▶ [Task goal]
Reproduce exactly, and only, the lines below from the one containing "Ds DS3 3 CROSSBACK 130 EAT8 SO CHIC" through the one containing "How to Fix a".

[Web page caption snippets]

════════════════════

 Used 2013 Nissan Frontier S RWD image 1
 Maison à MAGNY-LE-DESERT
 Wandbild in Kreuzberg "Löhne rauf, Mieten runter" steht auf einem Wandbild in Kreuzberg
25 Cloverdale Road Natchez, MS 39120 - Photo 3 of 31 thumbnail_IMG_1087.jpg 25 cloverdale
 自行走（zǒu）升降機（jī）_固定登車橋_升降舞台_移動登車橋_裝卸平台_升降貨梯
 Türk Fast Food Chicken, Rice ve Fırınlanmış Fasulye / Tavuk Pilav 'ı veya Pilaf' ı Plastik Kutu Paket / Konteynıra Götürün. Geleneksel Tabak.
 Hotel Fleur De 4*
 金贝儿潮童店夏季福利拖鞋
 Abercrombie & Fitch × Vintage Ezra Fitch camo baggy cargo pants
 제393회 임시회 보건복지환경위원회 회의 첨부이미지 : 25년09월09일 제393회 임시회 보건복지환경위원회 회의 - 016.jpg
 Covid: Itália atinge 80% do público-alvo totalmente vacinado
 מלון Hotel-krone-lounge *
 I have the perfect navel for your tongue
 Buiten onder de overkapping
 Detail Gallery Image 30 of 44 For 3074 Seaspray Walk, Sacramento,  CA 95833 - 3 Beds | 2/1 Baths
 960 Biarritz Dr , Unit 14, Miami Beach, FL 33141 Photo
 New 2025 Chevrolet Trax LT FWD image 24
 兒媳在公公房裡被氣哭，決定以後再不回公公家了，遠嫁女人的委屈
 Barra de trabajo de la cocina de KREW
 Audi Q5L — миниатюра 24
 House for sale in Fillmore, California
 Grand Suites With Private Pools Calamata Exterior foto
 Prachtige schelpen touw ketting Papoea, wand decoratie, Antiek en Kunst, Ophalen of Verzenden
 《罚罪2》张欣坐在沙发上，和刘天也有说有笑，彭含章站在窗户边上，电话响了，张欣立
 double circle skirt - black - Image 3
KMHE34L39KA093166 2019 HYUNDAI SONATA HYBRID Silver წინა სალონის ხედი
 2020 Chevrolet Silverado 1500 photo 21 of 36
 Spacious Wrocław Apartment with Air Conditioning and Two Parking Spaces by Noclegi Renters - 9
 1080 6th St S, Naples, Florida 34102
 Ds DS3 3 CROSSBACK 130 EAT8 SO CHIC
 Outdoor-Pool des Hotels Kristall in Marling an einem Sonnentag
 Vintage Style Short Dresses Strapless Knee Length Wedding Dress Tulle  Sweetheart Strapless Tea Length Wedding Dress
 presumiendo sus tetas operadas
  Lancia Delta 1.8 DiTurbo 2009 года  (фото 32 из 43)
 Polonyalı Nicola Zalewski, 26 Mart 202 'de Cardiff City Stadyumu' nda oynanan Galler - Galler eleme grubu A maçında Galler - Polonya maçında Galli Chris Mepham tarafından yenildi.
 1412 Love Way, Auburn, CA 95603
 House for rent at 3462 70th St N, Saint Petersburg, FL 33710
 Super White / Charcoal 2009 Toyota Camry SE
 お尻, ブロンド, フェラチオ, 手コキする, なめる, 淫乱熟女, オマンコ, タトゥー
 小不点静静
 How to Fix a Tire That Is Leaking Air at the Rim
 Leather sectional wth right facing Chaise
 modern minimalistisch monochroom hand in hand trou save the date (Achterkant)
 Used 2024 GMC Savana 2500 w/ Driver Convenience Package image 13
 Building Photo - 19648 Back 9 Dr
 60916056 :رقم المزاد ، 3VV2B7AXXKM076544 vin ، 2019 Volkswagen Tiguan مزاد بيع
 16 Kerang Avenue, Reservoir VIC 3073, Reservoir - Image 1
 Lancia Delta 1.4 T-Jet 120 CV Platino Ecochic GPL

════════════════════

▶ [Written solution]
 Ds DS3 3 CROSSBACK 130 EAT8 SO CHIC
 Outdoor-Pool des Hotels Kristall in Marling an einem Sonnentag
 Vintage Style Short Dresses Strapless Knee Length Wedding Dress Tulle  Sweetheart Strapless Tea Length Wedding Dress
 presumiendo sus tetas operadas
  Lancia Delta 1.8 DiTurbo 2009 года  (фото 32 из 43)
 Polonyalı Nicola Zalewski, 26 Mart 202 'de Cardiff City Stadyumu' nda oynanan Galler - Galler eleme grubu A maçında Galler - Polonya maçında Galli Chris Mepham tarafından yenildi.
 1412 Love Way, Auburn, CA 95603
 House for rent at 3462 70th St N, Saint Petersburg, FL 33710
 Super White / Charcoal 2009 Toyota Camry SE
 お尻, ブロンド, フェラチオ, 手コキする, なめる, 淫乱熟女, オマンコ, タトゥー
 小不点静静
 How to Fix a Tire That Is Leaking Air at the Rim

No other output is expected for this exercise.